Fácil ver que o pródigo, egoista ou altruisticamente, desperdiça riqueza, podendo até – e não é raro – incorrer em vulnerabilidade (eventualmente até virar um parasita) pela dissipação estéril dos seus bens (tanto materiais quanto psíquicos) por irreflexão ou por ignorância/ingenuidade.
Aristóteles advogava que o pródigo goza de mais meios de cura que o avaro, pois seu vício não é propriamente um vício de má disposição de caráter, mas de imaturidade, coisa que o fluxo natural da maturação, carregado de experiências de ingratidão e traição, tem condão de purgar, instigando a migração da pessoa aos patamares e limites virtuosos da liberalidade.
Ademais, há elementos comuns, de fundo, entre prodigalidade e liberalidade, tal que a “reforma” não há que ser tão grande quanto no caso dos avaros.
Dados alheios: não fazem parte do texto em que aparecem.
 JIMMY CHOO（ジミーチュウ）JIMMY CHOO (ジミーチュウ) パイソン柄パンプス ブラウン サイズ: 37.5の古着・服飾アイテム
De certa forma e em certo sentido, o liberal é o ex-pródigo que cresceu, com a vênia pelo empréstimo da estrutura frasal do Nelson Rodrigues (1912 – 1980), que propunha que não existem propriamente corajosos, mas sim ex-covardes.
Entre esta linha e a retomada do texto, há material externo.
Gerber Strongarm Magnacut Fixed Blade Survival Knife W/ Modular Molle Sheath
Contudo, em casos extremos, crônicos, constantes, de padrão sucessivamente repetitivo, etc … de prodigalidade, não se pode deixar de ver disposição de caráter masoquista no pródigo, de quem não quer propriamente dar, mas sim vincular-se a outrem de forma passiva.
Engana-se quem pensa que o masoquista é vítima – ao menos vítima exclusiva – de uma situação. Amiúde, o masoquista promove a manipulação inteira justamente para que seja caçado pelo seu caçador e essa posição passiva pode-se dar “prodigamente” até a ruína dele mesmo, sob véus de sentimentalismos e outros expedientes de dissimulação.
Masoquismo sempre é falso altruísmo, cujo fundo é interesseiro, como uma tentativa de comprar e manter vínculos. Nesses casos, há vícios de caráter sim e a reversão é assaz difícil. Nem o masoquista nem o sádico tendem ao caráter produtivo-distributivo, ou seja, liberal. Tratamos detalhadamente disso na nossa Masterclass sobre sado masoquismo (clique AQUI para saber mais).
O que urge sublinhar é que dar corretamente – ou seja, ser liberal – demanda cumulativamente dotações morais e intelectuais.
Em termos morais, o liberal há de ter desprendimento/confiança na vida/senso de entrega e continência. Quanto à clareza intelectual, há de saber ler o caráter alheio para não agir como incauto, ponderar circunstâncias, meios e fins, para dosar quantidades certas e oportunidades certas para dar ou recusar de dar.
O alcance e manutenção da virtude são árduos mesmo. Até para dar/doar/distribuir, ou seja para cumprir mandamento universal, há de haver finos critérios. Sem eles e por causa da falta deles, passa-se o que todos estão a testemunhar: que as riquezas material e psíquica são predominantemente entesouradas ou desperdiçadas e pouca parte é efetivamente alocada para girar a roda edificante da abundância, sinônimo de amor na sua acepção produtiva.